Evolutionary psychology tells us that humans are programmed to prefer bright colors, sweet flavors, and roundness of shapes. We are attuned to these things for survival: awareness of danger or safety, sources of energy, and choosing a healthy mate. We also find them pleasant. In his work on emotion in design, Don Norman says, “pleasant things work better.” Beyond the base expectation that a design should be usable, people enjoy using things that are pleasing to look at, touch, and listen to. Norman focuses on objects like juicers and cars, but the principle applies to all kinds of design.
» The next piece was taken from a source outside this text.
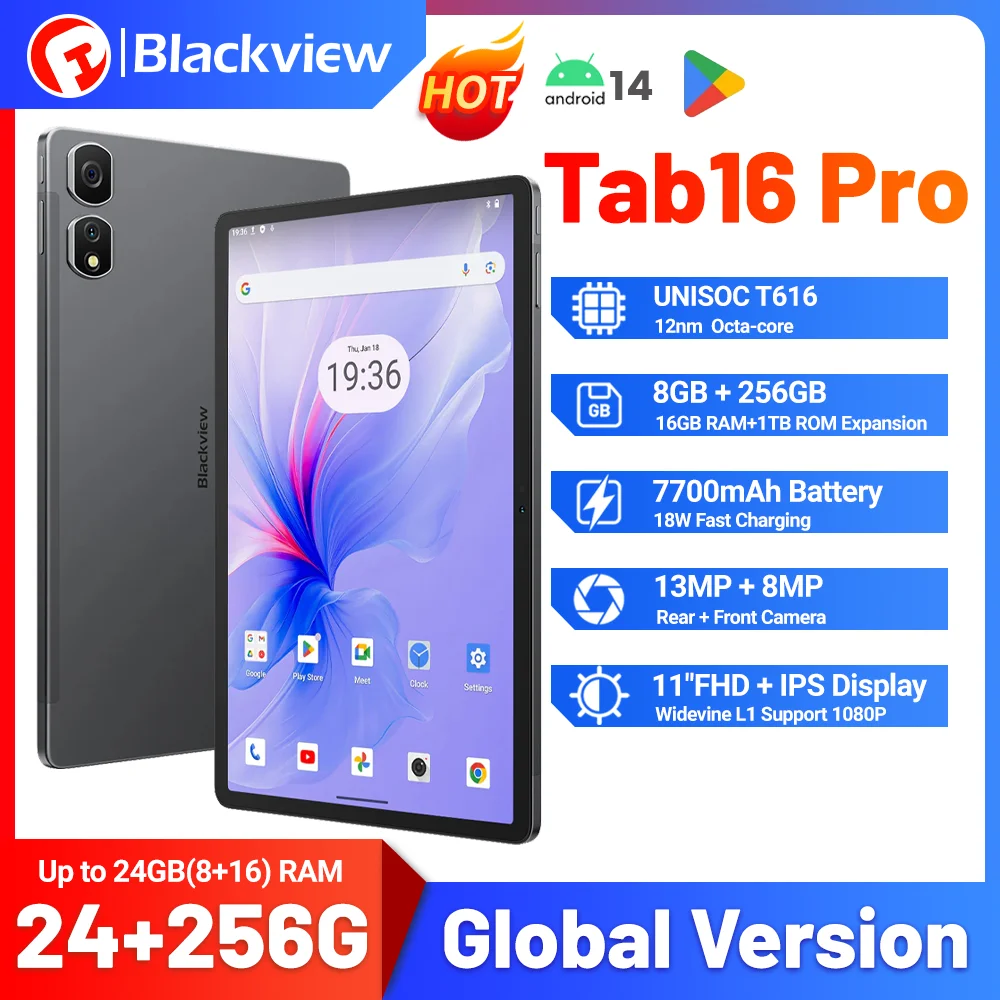 

Blackview Tab 16 Pro Tablet PC 11'' FHD+ Display 120Hz T616 Octa Core 24GB(8+16) RAM 256GB ROM 7700mAh 4G Tablets Android 14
Going Beyond Making Designs Usable
There’s a vast difference between making a design that doesn’t suck and creating one that people will love to use. UX as a discipline is pretty good at making things not painful to use, although there are plenty of sub-optimal designs out there that people tolerate every day just to get the things done. But the UX community isn’t good at systematically creating consistently pleasurable designs. Creating pleasurable designs is different from eliminating frustration. This is where designing an experience—not just a product—begins.
In my UX research practice, I learn about what people experience in real life and try to draw parallels to interactions with technology. Is there a way for designers to elicit raw positive feeling in the person who is using a design? Perhaps there are design patterns that UXers can look to as they develop the next great software products and web apps.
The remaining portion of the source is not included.